Reprinted from the September 2004 issue of RESPIRATORY CARE [Respir Care 2004; 49(9):1070–1072]

AARC Clinical Practice Guideline

Transcutaneous Blood Gas Monitoring for Neonatal & Pediatric
Patients—2004 Revision & Update

TCM 1.0 PROCEDURE:
Transcutaneous monitoring of oxygen (PtcO₂) and carbon dioxide (PtcCO₂) in neonates, infants, and small children—this guideline does not address the application of transcutaneous monitoring in adults and older children.

TCM 2.0 DESCRIPTION/DEFINITION:
Transcutaneous monitoring measures skin-surface PO₂ and PCO₂ to provide estimates of arterial partial pressure of oxygen and carbon dioxide (PaO₂ and PaCO₂). The devices induce hyperperfusion by local heating of the skin and measure the partial pressure of oxygen and carbon dioxide electrochemically.^1-8

TCM 3.0 SETTING:
Transcutaneous monitoring may be performed by trained personnel in a variety of settings including (but not limited to) hospitals, extended care facilities, and patient transport.^9,10

TCM 4.0 INDICATIONS:

4.1 The need to monitor the adequacy of arterial oxygenation and/or ventilation^11-13
4.2 The need to quantitate the response to diagnostic and therapeutic interventions as evidenced by PtcO₂ and/or PtcCO₂ values^11,12,14,15

TCM 5.0 CONTRAINDICATIONS:
In patients with poor skin integrity and/or adhesive allergy, transcutaneous monitoring may be relatively contraindicated.¹¹

TCM 6.0 HAZARDS/COMPLICATIONS:
PtcO₂ and/or PtcCO₂ monitoring is considered a safe procedure, but because of device limitations, falsenegative and false-positive results may lead to inappropriate treatment of the patient.12,16-18 In addition, tissue injury may occur at the measuring site (eg, erythema, blisters, burns, skin tears).^1,9,12,19

TCM 7.0 DEVICE LIMITATIONS/VALIDATION OF RESULTS:
PtCO₂ is an indirect measurement of PaO₂ and, like PaO₂, does not reflect oxygen delivery or oxygen content. Complete assessment of oxygen delivery requires knowledge of hemoglobin, saturation, and cardiac output. In a similar way, PtcCO₂ is an indirect measurement of PaCO₂ but knowledge of delivery and content is not necessary to use PtcCO₂ as an indicator of adequacy of ventilation.

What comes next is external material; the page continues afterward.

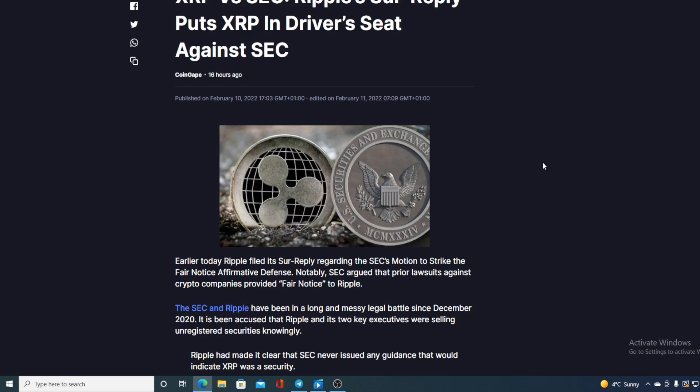Notably, SEC argued that prior lawsuits against crypto companies provided fair notice to Ripple. The SEC and Ripple have been in a long and messy legal battle - I'm sure that you already heard about it - since December 2020. It's been accused that Ripple and its two key executives were selling unregistered securities knowingly. Ripple has made it clear that SEC never issued any guidance that would indicate XRP was a security.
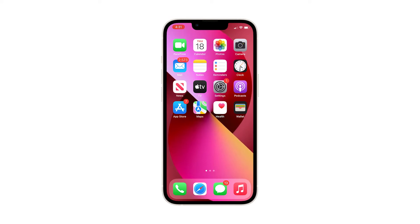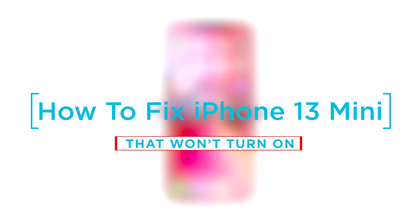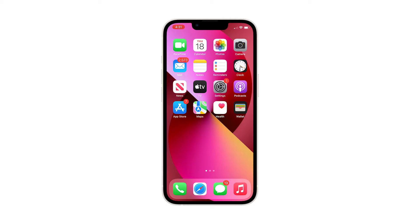However, there are also some instances when an iPhone still refuses to turn on even when the battery is fully charged. This video will show you what to do if your iPhone 13 mini has turned off and will no longer turn back on.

7.1 Factors, agents, or situations that may affect readings, limit precision, or limit the performance or application of a transcutaneous monitor
include

7.1.1 Technical

7.1.1.1 The procedure may be labor intensive, although newer designs make application quicker and simpler.²⁰
7.1.1.2 Prolonged stabilization time is required following electrode placement. ^20,21
7.1.1.3 Manufacturers state that electrodes
must be heated to produce valid results; however, clinical studies suggest that valid results may be obtained with PtcCO₂ electrodes operated at lower than recommended temperatures or with no heat.^19,22
7.1.1.4 The theoretical basis for mandatory heating of the PtcO₂ electrode is established.^2,23
7.1.1.5 Improper calibration, trapped air bubbles, damaged membranes are possible and may be difficult to detect.^14,24,25

7.1.2 Clinical: The following factors may increase the discrepancy between arterial and transcutaneous values

7.1.2.1 The presence of hyperoxemia (PaO₂ > 100 torr)^22,23,25
7.1.2.2 The presence of a hypoperfused state (shock, acidosis)^9,18,26,27
7.1.2.3 Improper electrode placement or application⁹
7.1.2.4 Vasoactive drugs^9,18
7.1.2.5 The nature of the patient’s skin and subcutaneous tissue (skinfold thickness, edema)^9,18,28

7.2 Validation: Arterial blood gas values should be compared to transcutaneous readings taken at the time of arterial sampling in order to validate the transcutaneous values. This validation should be performed initially and periodically as dictated by the patient’s clinical state.^9,25,29

7.2.1 During validation studies in patients with functional shunts, electrode site and arterial sampling site should be on the same side of the shunt.^12,30
7.2.2 When disparity exists between transcutaneous and arterial values and the clinical presentation of the patient, possible causes should be explored before results are reported. Monitoring at alternate sites, recalibration, or appropriate substitution of instruments may reduce discrepancies. If such steps do not remedy the disparity, transcutaneous results should not be reported; instead a statement describing the corrective action should be included in the patient’s chart and some other mode of monitoring should be established (eg, pulse oximetry and/or arterial blood analysis). The absolute limits that constitute unacceptable disparity vary with patient condition and specific device. Clinical judgment must be exercised.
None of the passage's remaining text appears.